Starting with Apache Unomi 1.3 (still in development), a new API for consent management is now available. This API is designed to be able to store/retrieve/update visitor consents in order to comply with new privacy regulations such as the GDPR.

Profiles with consents

Visitor profiles now contain a new Consent object that contains the following information:

  • a scope

  • a type identifier for the consent. This can be any key to reference a consent. Note that Unomi does not manage consent definitions, it only stores/retrieves consents for each profile based on this type

  • a status : GRANT, DENY or REVOKED

  • a status date (the date at which the status was updated)

  • a revocation date, in order to comply with GDPR this is usually set at two years

Here is an example of a Profile with a consent attached to it:

{
    "profileId": "8cbe380f-57bb-419d-97bf-24bf30178550",
    "sessionId": "0d755f4e-154a-45c8-9169-e852e1d706d9",
    "consents": {
        "example/newsletter": {
            "scope": "example",
            "typeIdentifier": "newsletter",
            "status": "GRANTED",
            "statusDate": "2018-05-22T09:44:33Z",
            "revokeDate": "2020-05-21T09:44:33Z"
        }
    }
}

It is of course possible to have multiple consents defined for a single visitor profile.

Apache Unomi does not manage consent definitions, it leaves that to an external system (for example a CMS) so that it can handle user-facing UIs to create, update, internationalize and present consent definitions to end users.

The only thing that is import to Apache Unomi to manage visitor consents is a globally unique key, that is called the consent type.

A new built-in event type called "modifyConsent" can be sent to Apache Unomi to update a consent for the current profile.

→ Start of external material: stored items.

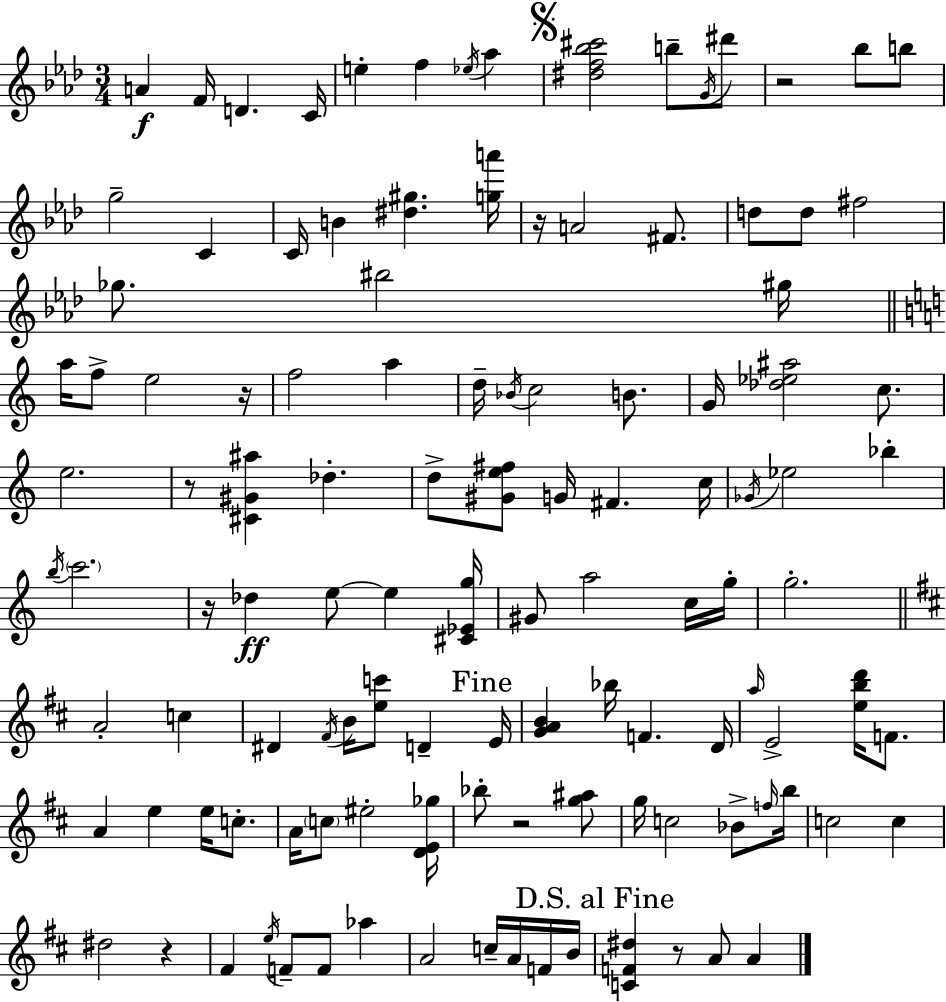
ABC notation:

X:1
T:Untitled
M:3/4
L:1/4
K:Fm
A F/4 D C/4 e f _e/4 _a [^df_b^c']2 b/2 G/4 ^d'/2 z2 _b/2 b/2 g2 C C/4 B [^d^g] [ga']/4 z/4 A2 ^F/2 d/2 d/2 ^f2 _g/2 ^b2 ^g/4 a/4 f/2 e2 z/4 f2 a d/4 _B/4 c2 B/2 G/4 [_d_e^a]2 c/2 e2 z/2 [^C^G^a] _d d/2 [^Ge^f]/2 G/4 ^F c/4 _G/4 _e2 _b b/4 c'2 z/4 _d e/2 e [^C_Eg]/4 ^G/2 a2 c/4 g/4 g2 A2 c ^D ^F/4 B/4 [ec']/2 D E/4 [GAB] _b/4 F D/4 a/4 E2 [ebd']/4 F/2 A e e/4 c/2 A/4 c/2 ^e2 [DE_g]/4 _b/2 z2 [g^a]/2 g/4 c2 _B/2 f/4 b/4 c2 c ^d2 z ^F e/4 F/2 F/2 _a A2 c/4 A/4 F/4 B/4 [CF^d] z/2 A/2 A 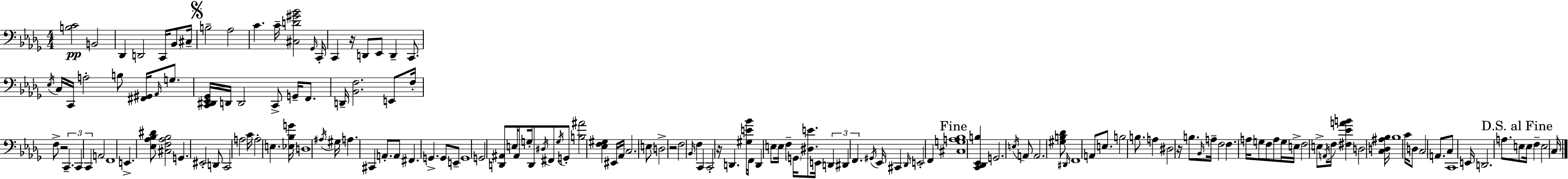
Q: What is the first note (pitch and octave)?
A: B2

Here is an example of such an event:

{
  "events": [
    {
      "scope": "example",
      "eventType": "modifyConsent",
      "source": {
        "itemType": "page",
        "scope": "example",
        "itemId": "anItemId"
      },
      "target": {
        "itemType": "anyType",
        "scope": "example",
        "itemId": "anyItemId"
      },
      "properties": {
        "consent": {
          "typeIdentifier": "newsletter",
          "scope": "example",
          "status": "GRANTED",
          "statusDate": "2018-05-22T09:27:09.473Z",
          "revokeDate": "2020-05-21T09:27:09.473Z"
        }
      }
    }
  ]
}

You could send it using the following curl request:

curl -H "Content-Type: application/json" -X POST -d '{"source":{"itemId":"homepage","itemType":"page","scope":"example"},"events":[{"scope":"example","eventType":"modifyConsent","source":{"itemType":"page","scope":"example","itemId":"anItemId"},"target":{"itemType":"anyType","scope":"example","itemId":"anyItemId"},"properties":{"consent":{"typeIdentifier":"newsletter","scope":"example","status":"GRANTED","statusDate":"2018-05-22T09:27:09.473Z","revokeDate":"2020-05-21T09:27:09.473Z"}}}]}' http://localhost:8181/context.json?sessionId=1234

How it works (internally)

Upon receiving this event, Apache Unomi will trigger the modifyAnyConsent rule that has the following definition:

{
  "metadata" : {
    "id": "modifyAnyConsent",
    "name": "Modify any consent",
    "description" : "Modify any consent and sets the consent in the profile",
    "readOnly":true
  },

  "condition" : {
    "type": "modifyAnyConsentEventCondition",
    "parameterValues": {
    }
  },

  "actions" : [
    {
      "type": "modifyConsentAction",
      "parameterValues": {
      }
    }
  ]

}

As we can see this rule is pretty simple it will simply execute the modifyConsentAction that is implemented by the ModifyConsentAction Java class

This class will update the current visitor profile to add/update/revoke any consents that are included in the event.